Thanks for your input and this great page, reading it for years now since I got my 5D II. 
Sorry my bad English I´m from Germany ;D


----------



## revup67 (Sep 22, 2012)

I have a 400mm 5.6 L and have never used a filter. Lens hood only for all my wildlife shots. I had also read that a UV can cause some softness. Since then the UV has been off, I calibrated the lens and get razor sharp images. I'd be more concerned about losing IQ by adding a filter vs. the benefit of reducing glare or darkening skies which you can do in Post Process. Personally, I'd shoot this 500 or 600 filter less and use only the hood.


----------



## neuroanatomist (Sep 22, 2012)

The big supertele primes (which include the 300/2.8 but not the 400/5.6) cannot take a front filter at all.
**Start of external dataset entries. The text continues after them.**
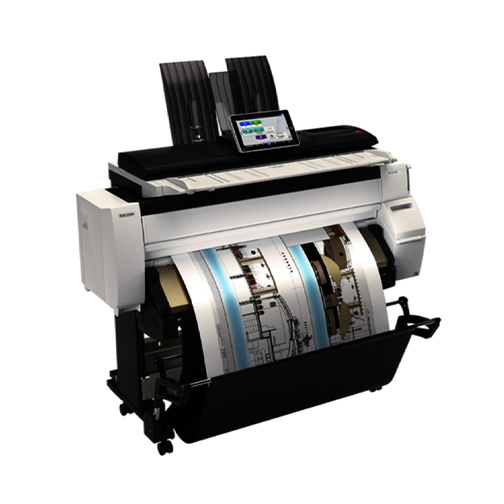 IM CW2200 2 504x504 tcm81 58035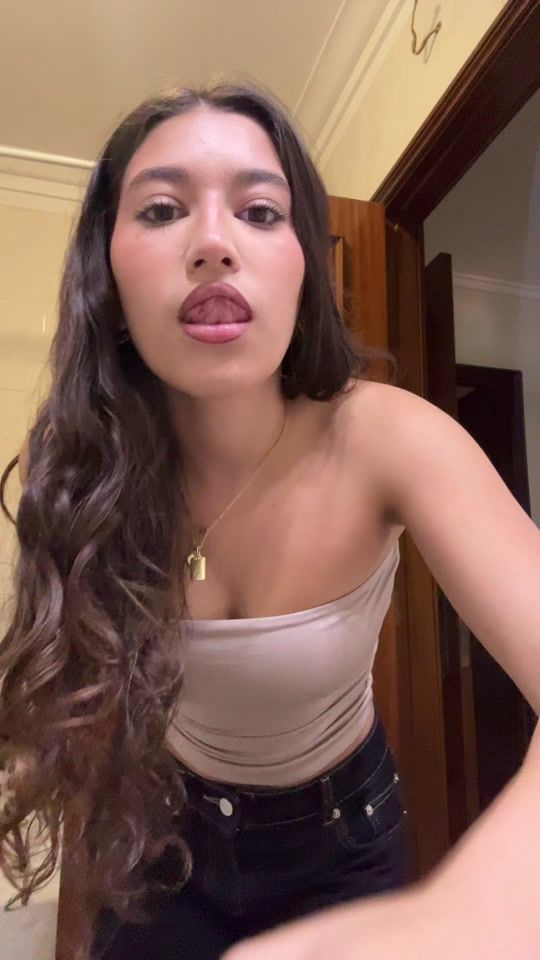 TikTok video thumbnail by nicole_g.2007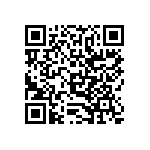 SIT8008BI-72-25E-19-200000E QRCode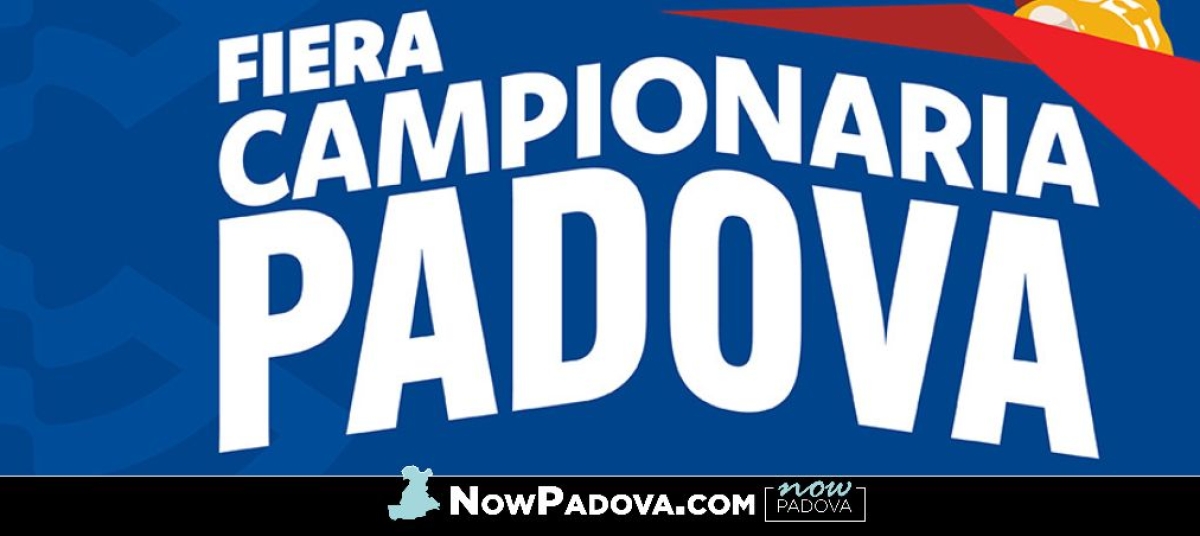 fiera-campionaria-padova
Also, a filter must be in the drop-in slot (the lenses come with a clear filter installed, that also serves as a gelatin filter holder, and is part of the optical formula of the lenses). 

You can get a drop-in holder for 52mm filters. That would only be if you want an ND filter (a slower shutter speed can't 'just be added in post'). 

If you want a CPL, the Canon 52mm drop-in CPL is the only real option. It has a knob on the outside to rotate the CPL. The effects of a CPL also cannot be duplicated effectively in post. 

Not sure about Germany, but in the US there's a back order queue for the 500/600 II. If your trip is soon, order now...

Get a good monopod, at least, and for tripod use, get a gimbal head (a ballhead is a bad idea, even if the load rating is plenty high).


----------



## risc32 (Sep 23, 2012)

I have the 300mm Is v1 and i had to search high and low for a long while to get my hands on the canon filter holder so i could use regular screw in style filters. I got it so i could use ND filters, real glass ND filters, and not fool with gels. I put gels on my flashes, not lenses(but i would if need be). I hope you have an easier time than i did. really, i was searching B&H, Adorama, KEH, and others, some in the UK(i'm in the states), for this new or used.


----------



## florian (Oct 28, 2012)

Thanks everybody,

I did order my EF 600 II yesterday here in Germany at my CPS store without the CPL. Canon can´t even tell me if I´ll get it in the next 6 months. Lucky me I have a lot of time before I go to australia.
The waiting without a date is the worst.


----------



## Deleted member 91053 (Oct 28, 2012)

Florian - The Canon 52mm drop in Circular polarising filters are available at Castle Cameras in the UK - see here: http://www.castlecameras.co.uk/canon-52mm-drop-in-circular-polarising
I bought one recently as they were the cheapest I could find and It's very useful in strong/harsh light.
Then 2 weeks ago I bought a Canon 300mm F2.8 L IS from a certain auction site that came with a 52 mm Cpl so I have ended up with 2!
I don't really need them both so I am open to offers on the one that came with the 300 F2.8 - though I will state that whilst the filter is absolutely fine the circular plastic box it comes in is badly damaged.
If you are in any doubt then just buy from Castle Cameras - brand new and guaranteed as well as the cheapest I could find, if you want to save some money make me an offer?


----------



## florian (Oct 30, 2012)

Thanks but this does not fit for my new lens. you need another for all new II lenses from 300 to 600.
I´ll give it a shot without first and if I see I can´t live with it I´ll get one after testing the lens in the field.
Got a call from Canon today. End of March is the estimated delivery date. only 5 more month waiting.
It´s Winter here so there is not much I´ll miss during this time.


----------



## neuroanatomist (Oct 30, 2012)

florian said:


> Thanks but this does not fit for my new lens. you need another for all new II lenses from 300 to 600.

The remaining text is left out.